Alienation from mainstream culture undoubtedly plays a role in the appeal of gang life to youth. Unfortunately, much of today’s American youth culture glorifies marginality, the suffering and acting-out of the outsider, the cult of “not belonging.”

Ironically, while more and more Americans see themselves as minorities in one form or another, most Latino Southern Californians are finding comfort in being part of a community that is becoming the majority. Large civic events like the ones held last Sunday are defining moments in this emergence. Celebrants look around and see the depth and breadth of who they are.

Two Latino CPAs told us that the festival at Whittier Narrows gave them the feeling that they were connected to a larger civilization. A Guatemalan father of four listening to Colombia’s Grupo Niche at the Fiesta Broadway accurately recounted for us the story of Cinco de Mayo--the Mexican army’s triumph over the French at Puebla on May 5, 1862. An Ecuadoran-born woman who spent the day waiting to see a Venezuelan singer confessed to having been Mexicanized in Los Angeles. Latinos in all their variety have begun to define themselves on their own terms.

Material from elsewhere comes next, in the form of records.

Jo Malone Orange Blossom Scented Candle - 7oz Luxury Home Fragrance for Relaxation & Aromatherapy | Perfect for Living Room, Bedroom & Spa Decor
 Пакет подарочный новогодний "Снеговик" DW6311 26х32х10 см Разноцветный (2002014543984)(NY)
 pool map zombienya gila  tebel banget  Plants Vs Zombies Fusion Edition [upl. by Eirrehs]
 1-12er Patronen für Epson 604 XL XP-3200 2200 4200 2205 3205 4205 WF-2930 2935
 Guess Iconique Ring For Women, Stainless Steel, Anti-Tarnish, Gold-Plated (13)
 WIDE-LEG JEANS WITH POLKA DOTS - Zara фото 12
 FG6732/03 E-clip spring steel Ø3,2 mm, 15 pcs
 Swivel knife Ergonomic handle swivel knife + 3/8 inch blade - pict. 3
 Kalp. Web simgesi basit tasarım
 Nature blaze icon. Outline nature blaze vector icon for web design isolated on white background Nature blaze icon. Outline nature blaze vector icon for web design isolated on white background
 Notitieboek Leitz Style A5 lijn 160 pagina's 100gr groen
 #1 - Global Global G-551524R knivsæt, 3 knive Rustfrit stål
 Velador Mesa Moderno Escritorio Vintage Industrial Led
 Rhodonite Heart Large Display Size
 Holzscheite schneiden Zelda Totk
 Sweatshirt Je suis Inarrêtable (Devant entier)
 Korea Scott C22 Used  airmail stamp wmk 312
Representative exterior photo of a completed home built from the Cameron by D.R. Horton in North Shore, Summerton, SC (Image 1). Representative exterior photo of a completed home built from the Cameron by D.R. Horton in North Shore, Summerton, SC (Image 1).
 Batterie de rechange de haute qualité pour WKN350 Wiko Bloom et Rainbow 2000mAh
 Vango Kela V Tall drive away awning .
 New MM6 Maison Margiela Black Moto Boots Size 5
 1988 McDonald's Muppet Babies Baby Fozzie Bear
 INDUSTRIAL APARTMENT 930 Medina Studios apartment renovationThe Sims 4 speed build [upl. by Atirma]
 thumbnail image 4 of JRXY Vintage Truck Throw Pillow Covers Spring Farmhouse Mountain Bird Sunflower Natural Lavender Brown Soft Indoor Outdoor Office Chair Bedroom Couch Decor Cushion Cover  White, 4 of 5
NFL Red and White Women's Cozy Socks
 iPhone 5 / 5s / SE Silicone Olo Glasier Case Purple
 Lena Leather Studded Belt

While it was once assumed that the only way to become a true American was to strip away all other experience, today it is evident that strong ethnic and cultural identities actively reinforce what were once considered quintessentially American values. Adherence to tradition translates into strong family and religious ties as well as a healthy work ethic. A Latino juvenile probation officer told us last year that the closer a youngster’s ties to Mexican traditional values, the less likely he or she is to wind up in serious trouble.

Twenty years ago, sociological literature considered ethnic identification a deviant behavior, along with abusing drugs and playing jazz for a living. Today Latinos have begun to value their own norms and ways of life. It is only the strength of our identity and our multirooted culture that can make the disaffected among us, particularly the youth, feel like they belong to the larger society. In fact, we are becoming the mainstream.